Exhibitions / Life, Stitching / Pines and dark spaces

Pines and dark spaces 2012 by Sera Waters

Pines and dark spaces  2012

Linen, cotton, string, handmade beads, card, leather, felt, stuffing

approximately 380 mm x 200 mm

Photo Grant Hancock

 

Cave writings

 

I grew up in the South East of South Australia, surrounded by pines, nestled within limestone. From this environment I developed awareness of dark and underground spaces; of the teeming currents of water and open caverns below the land’s seemingly solid surface, and of the happenings on the forest outskirts of town. These spaces, for me, overflow with layers and stories, some experienced and many second-hand or make-believe. They offer alternative ways of thinking to the usual narratives of day to day life, where the unexpected, unseemly and perhaps the unwanted, has its own place to exist.

Caves, tunnels, and caverns can lead to other, perhaps more magical and transformative, worlds. They hold in their earthly layers portals for remembering the long history of this land (and the dramatic changes which it must have seen in the last two centuries).Blanche cave, of the Naracoorte caves, is layered with multiple stories including a calcified Indigenous skeleton which was shockingly stolen not once but twice...never to be recovered. Caves are bodily; our first homes are located within a watery cavern, and as humans we find home in cave-like shelters; my early ancestors when first arriving in South Australia in 1838 likely found shelter in Port Misery caves. We are comforted and enveloped by caves, or swallowed and contained.

Like caves, the pines surrounding the towns of the South East (yet weren’t even conceived of in the early days of George French Angas’ South Australia Illustratedwatercolours) are dark and comforting. They offer muteness, a space where unchecked happenings can occur, but aren’t always known beyond the perimeters of the lines of trees.
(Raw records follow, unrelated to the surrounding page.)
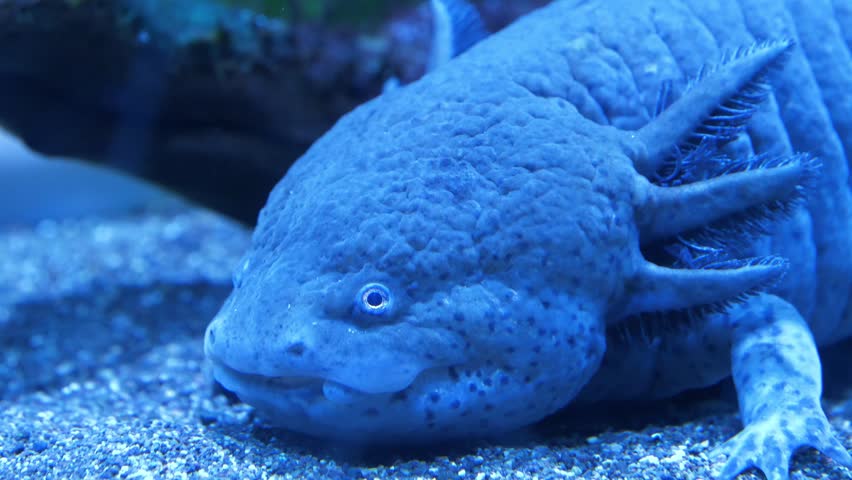 Axolotl, Ambystoma mexicanum, amphibian larva ambystoma, paedomorphic salamander. Breathes with lungs and gills. Capable of growing new limbs. Reaches adulthood without undergoing metamorphosis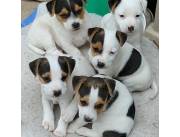 Cachorros jack russell terrier disponibles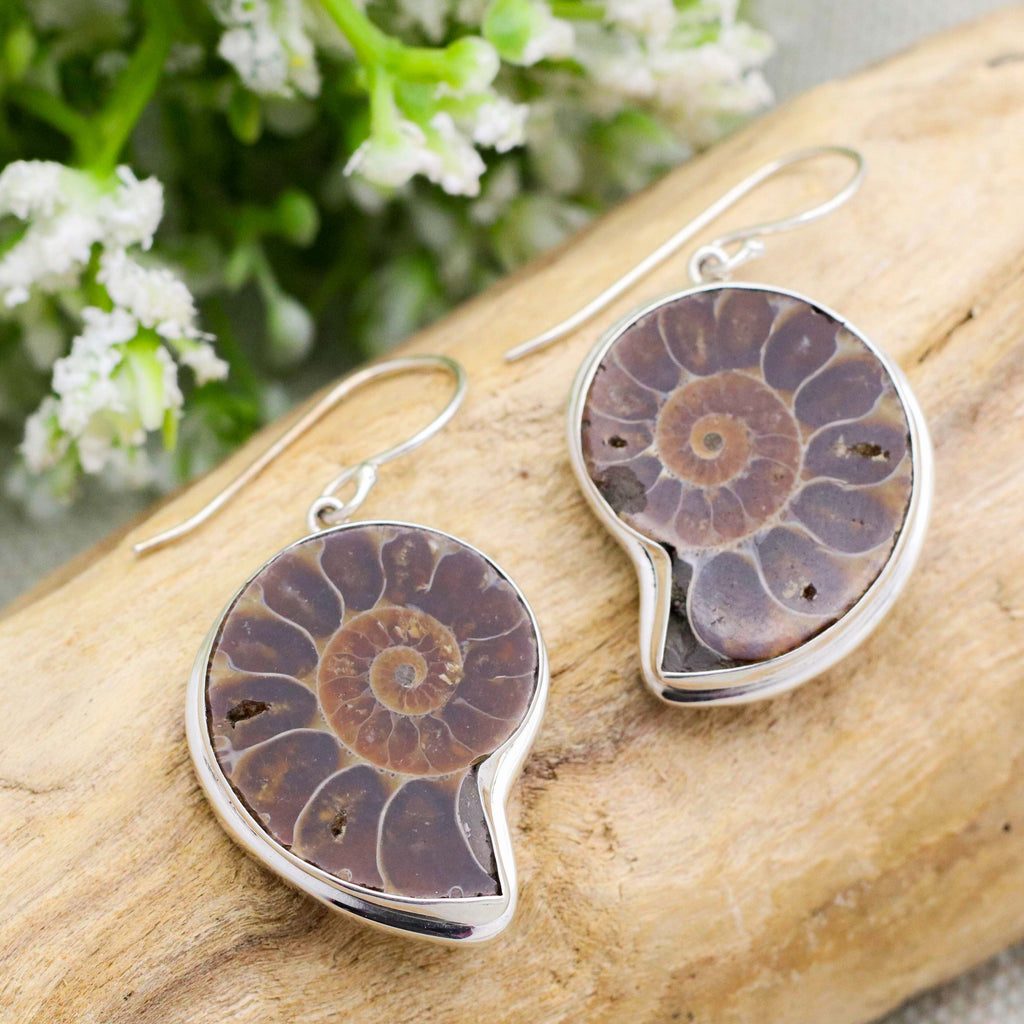 Ammonite earrings in Sterling silver 
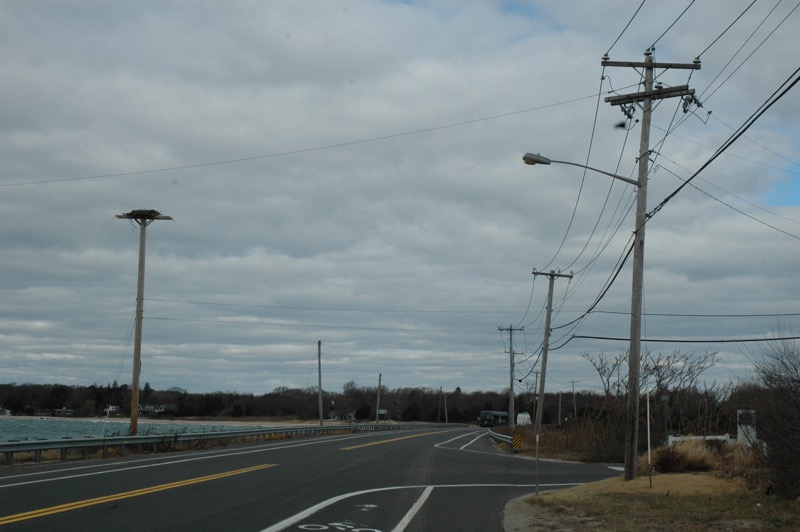 Power lines along Long Beach heading to North Haven. Stephen J. Kotz photo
Hidden within the pines of the South East are openings into the underworld, locally known as Hell’s hole, or the Devil’s Punchbowl; perhaps these are mouths of the earth, swallowing up all dark happenings.

These are the ways I think about my world; as caves, dark forests, layers and interconnecting underground systems which entwine the ghosts and histories of South Australia with current life.